Shift from thread-based to asyncio-based NPU query processing

Small and frequent NPU inference queries may now be processed with lower latency. As shown in the example below, applications requiring multiple NPU inferences in a single API query can be processed with better performance.

async def inference(self, tensors: List[np.ndarray]) -> List[np.ndarray]:
    # The following code runs multiple inferences at the same time and wait until all requests are completed.
    return await asyncio.gather(*(self.model.predict(tensor) for tensor in tensors))

Added expanded support for external device & runtime

In complex serving scenarios, additional/external device and runtime programs may be required, in addition to NPU-based Furiosa Runtime. In this release, the framework has been expanded such that external device and runtime may be used. The first external runtime added is OpenVINO.

imagenet: ServeModel = synchronous(serve.model("openvino"))(
    'imagenet',
    location='./examples/assets/models/image_classification.onnx'
)

Support for S3 cloud storage repository

Set model location as S3 URL.

# Load model from S3 (Auth environment variable for aioboto library required)
densenet: ServeModel = synchronous(serve.model("nux"))(
    'imagenet',
 location='s3://furiosa/models/93d63f654f0f192cc4ff5691be60fb9379e9d7fd'
)

Support for OpenTelemetry compatible tracing

With the OpenTelemetry Collector function, you can now track the execution time of specific code sections of the serving applications.

To use this function, you can activate trace.get_tracer(), reset the tracer, activate the tracer.start_as_current_span() function, and designate the section.

from opentelemetry import trace

tracer = trace.get_tracer(__name__)

class Application:

        async def process(self, image: Image.Image) -> int:
            with tracer.start_as_current_span("preprocess"):
                input_tensors = self.preprocess(image)
            with tracer.start_as_current_span("inference"):
                output_tensors = await self.inference(input_tensors)
            with tracer.start_as_current_span("postprocess"):
                return self.postprocess(output_tensors)

The specification of OpenTelemetry Collector can be done through the configuration of FURIOSA_SERVING_OTLP_ENDPOINT, as shown below.

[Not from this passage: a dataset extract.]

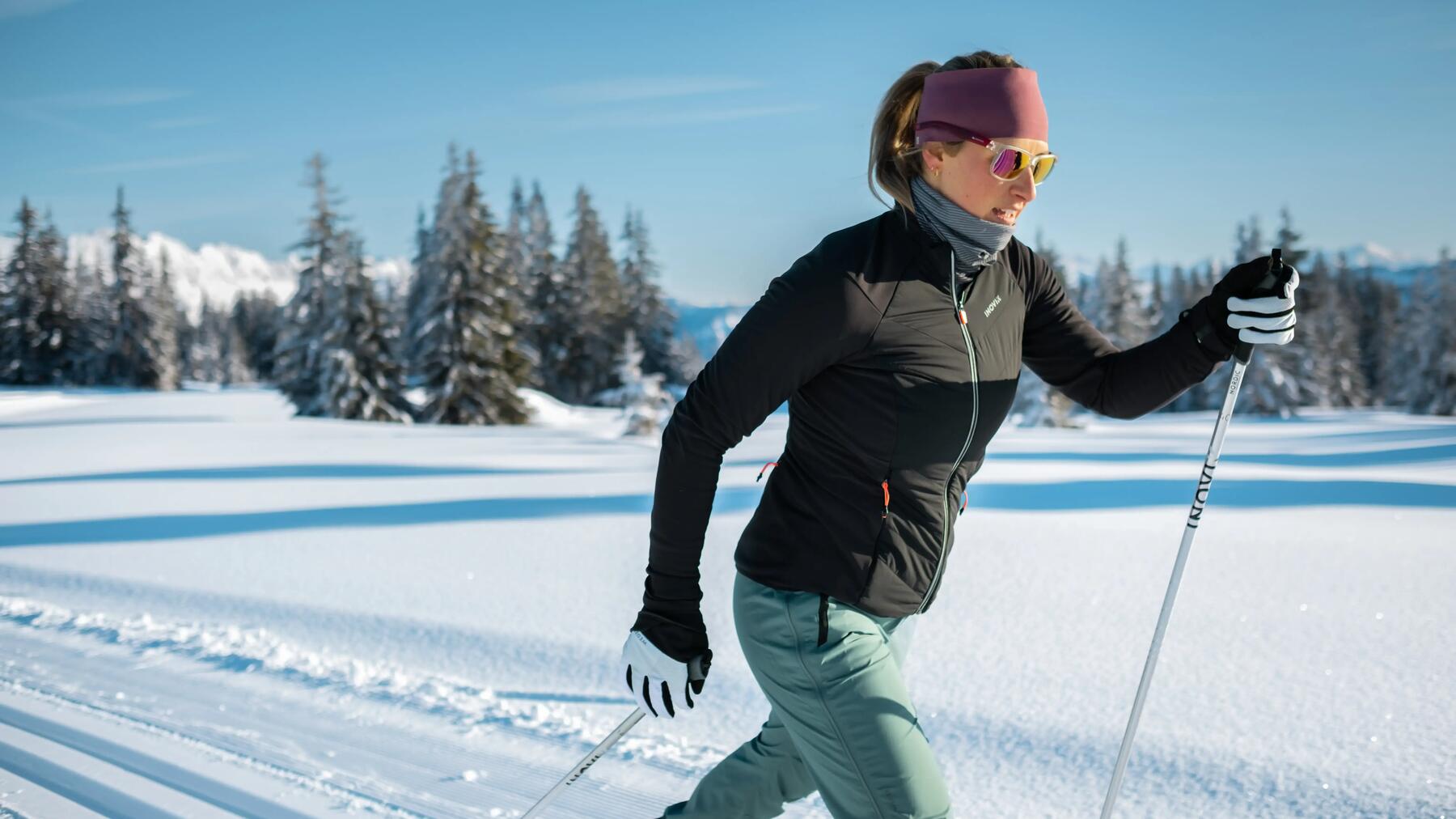 Two people cross-country skiing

The following diagram is an example that visualizes the tracing result with Grafana.

An example of visualization with Grafana

Other major improvements are as follows:

  • Several inference requests can be executed at once, with serving API now supporting compiler setting batch_size

  • More threads can share the NPU, with serving API now supporting session option worker_num

Profiler

You can now analyze the profiler tracing results with Pandas, a data analysis framework. With this function, you can analyze the tracing result data, allowing you to quickly identify bottlenecks and reasons for model performance changes. More detailed instructions can be found at Trace analysis using Pandas DataFrame.

from furiosa.runtime import session, tensor
from furiosa.runtime.profiler import RecordFormat, profile

with profile(format=RecordFormat.PandasDataFrame) as profiler:
    with session.create("MNISTnet_uint8_quant_without_softmax.tflite") as sess:
        input_shape = sess.input(0)

        with profiler.record("record") as record:
            for _ in range(0, 2):
                sess.run(tensor.rand(input_shape))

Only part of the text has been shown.